Abstract
Deep learning framework plays an important role in connecting hardware platform and algorithm. In recent years, some domain-specific deep learning accelerators with better performance and energy efficiency were proposed by researchers. However, current frameworks lack enough considerations about how to better support the possible new features brought by accelerators. In this paper, we propose to build a performance portable programming framework with subgraph extraction. The intuition is that increasing ratio of optimizations are taken from the top-level framework to the low-level software stack of accelerator. In response to this development trend, framework needs to pay more attention to the splitting strategy of computation graph for the heterogeneous computation.
You have full access to this open access chapter, Download conference paper PDF
Similar content being viewed by others
1 Introduction
In recent years, we have witnessed many significant breakthroughs of deep learning algorithm in a multitude of domains. This superior accuracy, however, comes at the cost of high computational complexity. Researchers try to design more efficient architectures based on the features of deep learning algorithm and get some promising results [3,4,5, 7,8,9,10]. These results show that domain-specific accelerators outstand in both speed and energy efficiency compared to traditional solutions.
On the other hand, in order to explore and deploy deep learning algorithm conveniently, both academia and industry have developed several deep learning frameworks, such as MXNet [2], TensorFlow [1] and Caffe [6]. Those frameworks automatically optimize the computation flow, generate high-performance kernels and schedule kernels in parallel if possible.
However, there is a gap between emerging DL accelerators and existing programming frameworks. In order to run deep learning algorithm with the highest performance, some accelerators and its software stacks have tried to break the wall and search optimal solution in a large space. Unfortunately, current deep learning frameworks only provide limited adaptions for this new feature.
2 Motivation
2.1 DLA and Graph Fusion
We designed and implemented a deep learning accelerator and its software stack, and we call the accelerator DLA in following sections. The design of DLA is concluded from multiple deep learning accelerators, including NVidia DLA, DaDianNao [4] and TPU. There are multiple cores in DLA. Each core in DLA can complete a computation task independently, which makes it actually a parallel model with shared global memory.
Compared to traditional limited method that fusing some specific sequence composed of element-wise operators issued by framework, software stack of DLA offers a more radical solution. It optimizes and fuses the total graph (see the Fig. 1). This strategy has several benefits. First, the experts developed lower stack can give better solution because they know more about hardware architecture. Also, fusing a large graph into a single node greatly saves the kernel launch cost, which is important for inference task.
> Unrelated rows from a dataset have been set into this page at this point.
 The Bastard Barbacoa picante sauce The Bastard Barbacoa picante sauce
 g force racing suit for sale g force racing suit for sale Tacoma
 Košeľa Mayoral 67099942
2.2 Heterogeneous Computation
Heterogeneous computation is unavoidable for DLA and other accelerators. Some operators in new algorithms are hard to parallelize or to abstract to the tensor operators offered by accelerators, and the frequency of embedding accelerator in mobile device might be reduced to save energy. As a result, assigning some parts on CPU might bring better total performance. Thus, before we use lower software stack to optimize graph, we need to extract a subgraph composed by operators assigned on DLA. In other words, framework should have a clever split strategy and method to extract appropriate subgraph from the original deep networks.
3 Subgraph Extraction
When we try to extract a subgraph based on whether each operator is well-supported by accelerator, the direct intuition is to make it a maximum connected convex subgraph. Connectivity guarantees data relation between operators which is necessary for most optimizing methods. Maximum grants the largest searching space and reduces kernel launch overheads. Convexity is used as a constraint to avoid circle which leads to dead lock when scheduling. A subgraph S of a directed acyclic graph G is convex if and only if there is no directed path between two vertices of S which contains an arch not in S (see the Fig. 2).
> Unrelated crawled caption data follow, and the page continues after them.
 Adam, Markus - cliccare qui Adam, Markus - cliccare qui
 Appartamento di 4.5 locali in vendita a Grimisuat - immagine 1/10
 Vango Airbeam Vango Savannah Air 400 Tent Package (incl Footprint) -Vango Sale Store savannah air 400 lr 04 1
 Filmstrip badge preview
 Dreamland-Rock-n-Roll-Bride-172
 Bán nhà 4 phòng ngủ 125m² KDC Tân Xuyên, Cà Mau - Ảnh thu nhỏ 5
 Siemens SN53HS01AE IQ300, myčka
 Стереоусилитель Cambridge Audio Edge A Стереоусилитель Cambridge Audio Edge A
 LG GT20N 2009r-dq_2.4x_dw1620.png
Merging a large subgraph into a single node helps the corresponding computation to run faster, however, it may hinder scheduler to get maximum parallelism in some case. As Fig. 3 shows, the fused graph must wait for all its input to be ready even though some inputs are not necessary at the early stage of its computation. Similarly, although not all the outputs of a subgraph are generated at the final stage, all descendants must keep waiting until computation of total subgraph finishes. So, we append a post-prune process to split each subgraph into smaller parts, each of which has only one input and output operator.
4 Evaluation
The experiment platform is DLA, a multi-core deep learning accelerator as we mentioned before. We first evaluate the performance before and after the graph fusion to demonstrate the validation of graph fusion. As shown in Fig. 4, performance of all six entire-network benchmarks are improved, which achieves a speedup of 1.18\(\times \) on average compared with the baseline, which we do not implement the graph fusion. Specifically, the improvement of ResNet34 and ResNet50 is clearly higher than other four networks.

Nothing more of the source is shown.